Isolated examples of the use of electroacoustic and prerecorded music exist that predate Schaeffer’s first experiments in 1948. Ottorino Respighi used an (acoustical) phonograph recording of a nightingale’s song in his orchestral work The Pines of Rome in 1924, before the introduction of electrical record players; experimental filmmaker Walter Ruttmann created Weekend, a sound collage on an optical soundtrack in 1930; and John Cage used phonograph recordings of test tones mixed with live instruments in Imaginary Landscape no. 1 (1939), among other examples. In the first half of the Twentieth Century, a number of writers also advocated the use of electronic sound sources for composition, notably Ferruccio Busoni, Luigi Russolo, and Edgard Varèse, and electronic performing instruments were invented, such as the Theremin in 1919, and the Ondes Martenot in 1928.
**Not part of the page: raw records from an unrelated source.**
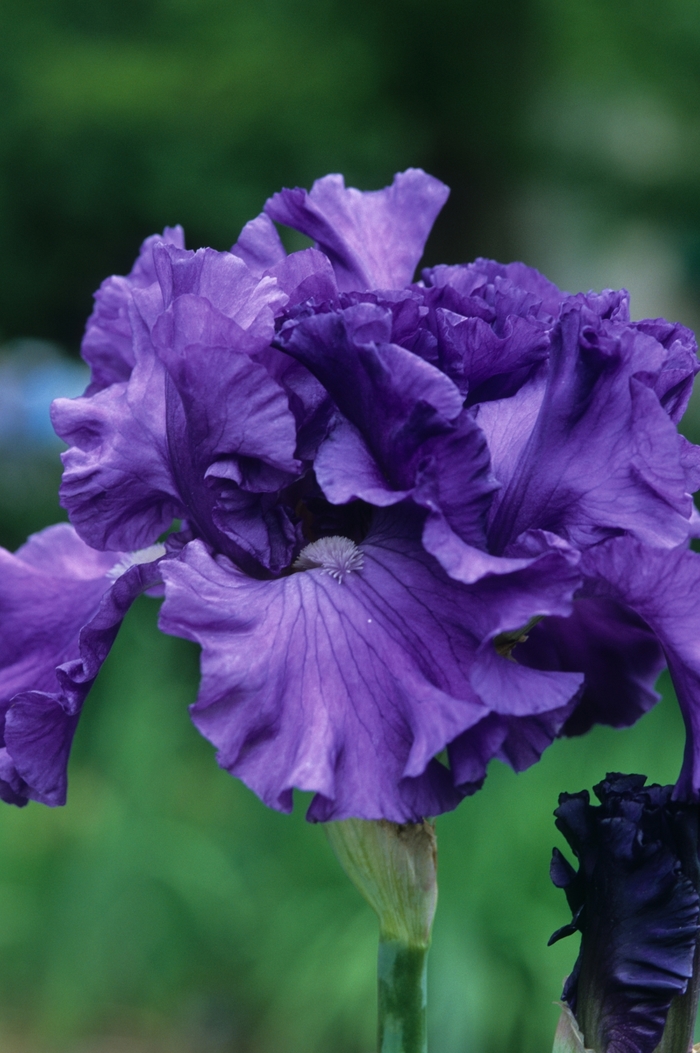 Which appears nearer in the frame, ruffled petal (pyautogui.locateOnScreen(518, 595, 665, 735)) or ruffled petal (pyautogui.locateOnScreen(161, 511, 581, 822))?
ruffled petal (pyautogui.locateOnScreen(161, 511, 581, 822))

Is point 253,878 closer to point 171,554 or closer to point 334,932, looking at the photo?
point 334,932

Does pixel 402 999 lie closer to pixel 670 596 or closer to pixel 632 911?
pixel 632 911

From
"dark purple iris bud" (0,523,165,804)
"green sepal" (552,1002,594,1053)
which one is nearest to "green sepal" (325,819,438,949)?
"green sepal" (552,1002,594,1053)

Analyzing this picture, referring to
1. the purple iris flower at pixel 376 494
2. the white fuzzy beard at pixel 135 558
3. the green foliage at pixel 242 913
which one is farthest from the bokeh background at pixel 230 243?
the purple iris flower at pixel 376 494

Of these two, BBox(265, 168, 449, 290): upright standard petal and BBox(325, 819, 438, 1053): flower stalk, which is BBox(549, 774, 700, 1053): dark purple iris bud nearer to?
BBox(325, 819, 438, 1053): flower stalk

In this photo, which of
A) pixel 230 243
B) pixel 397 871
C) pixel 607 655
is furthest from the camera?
pixel 230 243

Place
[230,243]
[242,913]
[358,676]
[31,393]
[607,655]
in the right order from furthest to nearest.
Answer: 1. [230,243]
2. [31,393]
3. [242,913]
4. [607,655]
5. [358,676]

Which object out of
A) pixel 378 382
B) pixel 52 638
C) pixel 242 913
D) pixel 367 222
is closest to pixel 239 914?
pixel 242 913

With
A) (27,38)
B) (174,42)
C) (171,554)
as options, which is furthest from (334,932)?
(27,38) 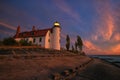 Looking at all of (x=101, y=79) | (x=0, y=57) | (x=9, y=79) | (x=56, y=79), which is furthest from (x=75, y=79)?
(x=0, y=57)

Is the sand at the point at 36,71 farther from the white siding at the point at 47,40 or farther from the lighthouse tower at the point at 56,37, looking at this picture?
the lighthouse tower at the point at 56,37

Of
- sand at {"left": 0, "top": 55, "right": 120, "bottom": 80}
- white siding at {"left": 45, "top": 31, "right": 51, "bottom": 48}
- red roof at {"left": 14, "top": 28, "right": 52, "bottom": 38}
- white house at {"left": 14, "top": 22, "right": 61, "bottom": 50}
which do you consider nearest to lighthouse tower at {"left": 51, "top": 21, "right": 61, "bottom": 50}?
white house at {"left": 14, "top": 22, "right": 61, "bottom": 50}

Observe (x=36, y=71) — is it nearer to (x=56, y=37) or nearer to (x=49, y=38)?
(x=56, y=37)

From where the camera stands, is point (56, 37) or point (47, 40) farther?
point (56, 37)

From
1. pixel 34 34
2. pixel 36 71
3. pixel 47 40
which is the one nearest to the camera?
pixel 36 71

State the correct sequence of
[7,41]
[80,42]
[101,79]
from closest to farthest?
[101,79], [7,41], [80,42]

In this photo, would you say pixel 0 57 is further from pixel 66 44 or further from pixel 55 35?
pixel 66 44

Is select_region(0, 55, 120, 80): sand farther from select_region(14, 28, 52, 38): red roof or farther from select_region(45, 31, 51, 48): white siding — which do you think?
select_region(14, 28, 52, 38): red roof

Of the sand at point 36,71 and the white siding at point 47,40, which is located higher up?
the white siding at point 47,40

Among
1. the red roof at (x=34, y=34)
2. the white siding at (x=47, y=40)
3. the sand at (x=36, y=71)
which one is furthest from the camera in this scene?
the red roof at (x=34, y=34)

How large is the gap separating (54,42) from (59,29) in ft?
19.6

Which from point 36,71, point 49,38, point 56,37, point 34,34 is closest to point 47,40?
point 49,38

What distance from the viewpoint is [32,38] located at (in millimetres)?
53531

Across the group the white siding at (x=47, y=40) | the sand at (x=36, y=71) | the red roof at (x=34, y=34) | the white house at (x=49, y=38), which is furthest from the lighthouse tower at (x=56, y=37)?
the sand at (x=36, y=71) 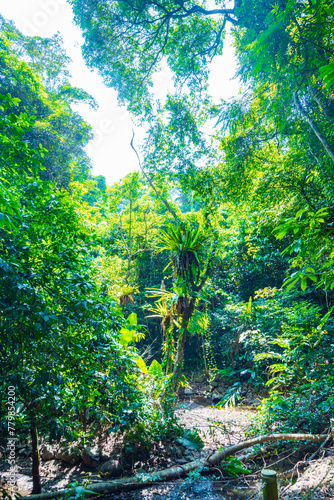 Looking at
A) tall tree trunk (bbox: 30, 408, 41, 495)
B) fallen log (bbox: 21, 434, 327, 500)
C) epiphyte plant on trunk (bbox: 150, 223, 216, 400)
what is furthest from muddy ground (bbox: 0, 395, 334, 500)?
epiphyte plant on trunk (bbox: 150, 223, 216, 400)

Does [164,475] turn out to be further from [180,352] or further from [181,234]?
[181,234]

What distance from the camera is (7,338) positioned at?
1.89 meters

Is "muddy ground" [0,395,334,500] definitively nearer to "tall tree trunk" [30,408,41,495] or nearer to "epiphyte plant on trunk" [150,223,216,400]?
"tall tree trunk" [30,408,41,495]

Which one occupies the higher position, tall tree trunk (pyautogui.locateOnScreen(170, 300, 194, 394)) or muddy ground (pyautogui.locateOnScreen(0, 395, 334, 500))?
tall tree trunk (pyautogui.locateOnScreen(170, 300, 194, 394))

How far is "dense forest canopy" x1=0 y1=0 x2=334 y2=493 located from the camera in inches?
81.3

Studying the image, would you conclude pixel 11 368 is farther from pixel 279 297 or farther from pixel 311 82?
pixel 279 297

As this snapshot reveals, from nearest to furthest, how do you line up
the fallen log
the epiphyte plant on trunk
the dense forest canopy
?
the dense forest canopy
the fallen log
the epiphyte plant on trunk

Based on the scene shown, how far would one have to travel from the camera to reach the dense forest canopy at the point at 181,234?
2.06 m

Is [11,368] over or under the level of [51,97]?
under

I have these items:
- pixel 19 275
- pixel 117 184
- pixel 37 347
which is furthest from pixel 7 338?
pixel 117 184

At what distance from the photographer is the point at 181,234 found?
14.9ft

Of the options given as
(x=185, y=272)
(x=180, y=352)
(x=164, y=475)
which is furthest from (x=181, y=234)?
(x=164, y=475)

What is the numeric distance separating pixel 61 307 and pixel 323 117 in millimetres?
5326

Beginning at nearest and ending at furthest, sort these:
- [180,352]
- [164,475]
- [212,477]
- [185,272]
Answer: [164,475] < [212,477] < [180,352] < [185,272] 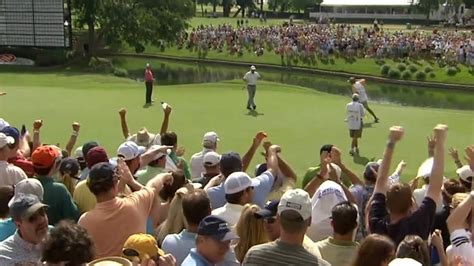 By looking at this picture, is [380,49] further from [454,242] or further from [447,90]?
[454,242]

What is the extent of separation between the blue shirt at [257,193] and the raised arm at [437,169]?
5.95ft

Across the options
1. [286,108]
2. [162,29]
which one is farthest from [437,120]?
[162,29]

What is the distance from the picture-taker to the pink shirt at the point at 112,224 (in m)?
5.23

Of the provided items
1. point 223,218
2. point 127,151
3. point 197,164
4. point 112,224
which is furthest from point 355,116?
point 112,224

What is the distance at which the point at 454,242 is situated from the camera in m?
5.02

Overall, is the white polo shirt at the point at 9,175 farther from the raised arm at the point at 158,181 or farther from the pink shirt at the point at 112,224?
the pink shirt at the point at 112,224

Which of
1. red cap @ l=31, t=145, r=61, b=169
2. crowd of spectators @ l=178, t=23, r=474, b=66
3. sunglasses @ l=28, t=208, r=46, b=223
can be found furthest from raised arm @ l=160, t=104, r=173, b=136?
crowd of spectators @ l=178, t=23, r=474, b=66

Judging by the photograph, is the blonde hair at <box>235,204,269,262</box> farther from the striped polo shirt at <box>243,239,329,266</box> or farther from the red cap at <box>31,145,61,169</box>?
the red cap at <box>31,145,61,169</box>

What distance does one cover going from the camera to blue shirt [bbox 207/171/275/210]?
662 cm

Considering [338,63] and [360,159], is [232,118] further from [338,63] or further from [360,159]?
[338,63]

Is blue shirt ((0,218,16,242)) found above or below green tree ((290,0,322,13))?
below

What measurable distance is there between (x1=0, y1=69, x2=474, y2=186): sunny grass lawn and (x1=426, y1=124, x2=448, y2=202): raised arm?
7.54 metres

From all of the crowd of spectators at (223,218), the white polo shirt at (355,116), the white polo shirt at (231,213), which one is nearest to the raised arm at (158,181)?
the crowd of spectators at (223,218)

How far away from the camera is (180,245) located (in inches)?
196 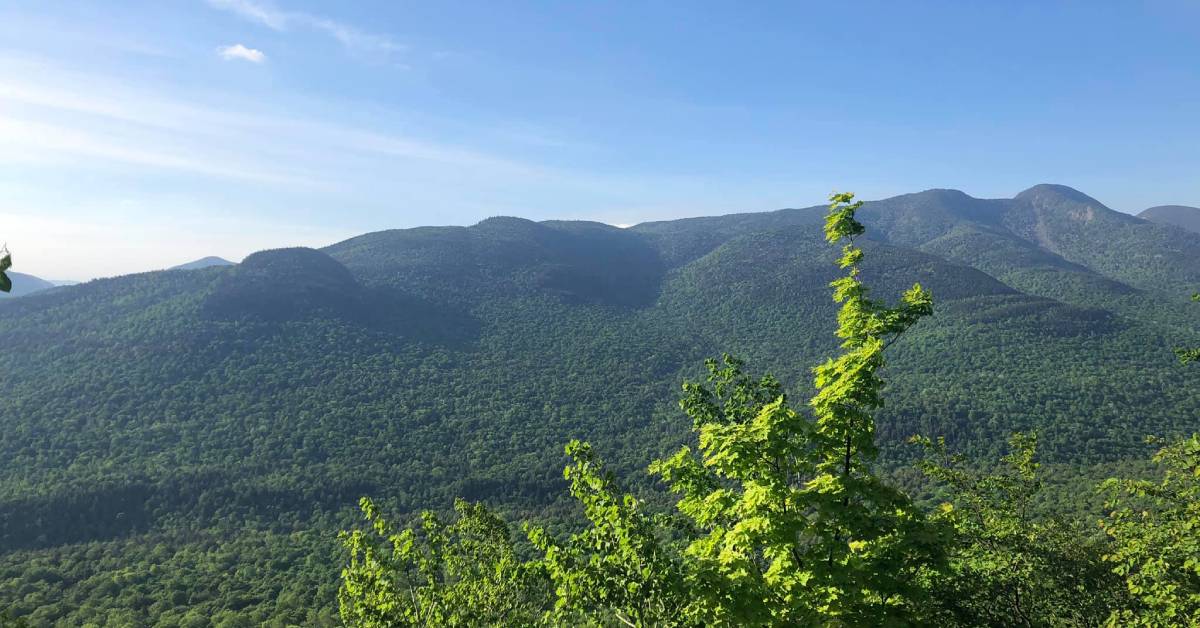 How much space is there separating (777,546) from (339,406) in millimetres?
135559

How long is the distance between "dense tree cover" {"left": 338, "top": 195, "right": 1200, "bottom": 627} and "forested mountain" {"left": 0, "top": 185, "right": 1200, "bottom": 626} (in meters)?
51.7

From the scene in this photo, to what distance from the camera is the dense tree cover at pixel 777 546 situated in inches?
360

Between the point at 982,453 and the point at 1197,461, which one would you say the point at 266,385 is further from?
the point at 1197,461

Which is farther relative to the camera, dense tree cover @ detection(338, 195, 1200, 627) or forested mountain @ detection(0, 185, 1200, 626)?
forested mountain @ detection(0, 185, 1200, 626)

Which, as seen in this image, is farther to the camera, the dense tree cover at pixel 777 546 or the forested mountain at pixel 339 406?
the forested mountain at pixel 339 406

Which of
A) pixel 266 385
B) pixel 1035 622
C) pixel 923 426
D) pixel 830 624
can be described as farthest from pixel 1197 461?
pixel 266 385

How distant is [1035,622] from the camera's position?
15.6 m

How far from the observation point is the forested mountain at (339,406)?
79.4 meters

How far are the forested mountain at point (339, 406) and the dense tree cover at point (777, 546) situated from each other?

Today many self-described electroacoustic pieces include live performers (called “mixed”), either as a performer playing along with a DVD/tape/CD/computer, or, more recently, with live electronic processing of the performer’s sound. There are dozens of other terms which are either synonymous with “electroacoustic music,” or that describe super- or subsets, offshoots or parallel disciplines from the genre.
Some of these include: sonic art; computer music; electronic music; microsound; soundscape; audio art; radiophonics; live electronics; musique concrète; field recording; experimental electronica; electroacoustic sound art. Contemporary Electroacoustic music is closely related to Electronica.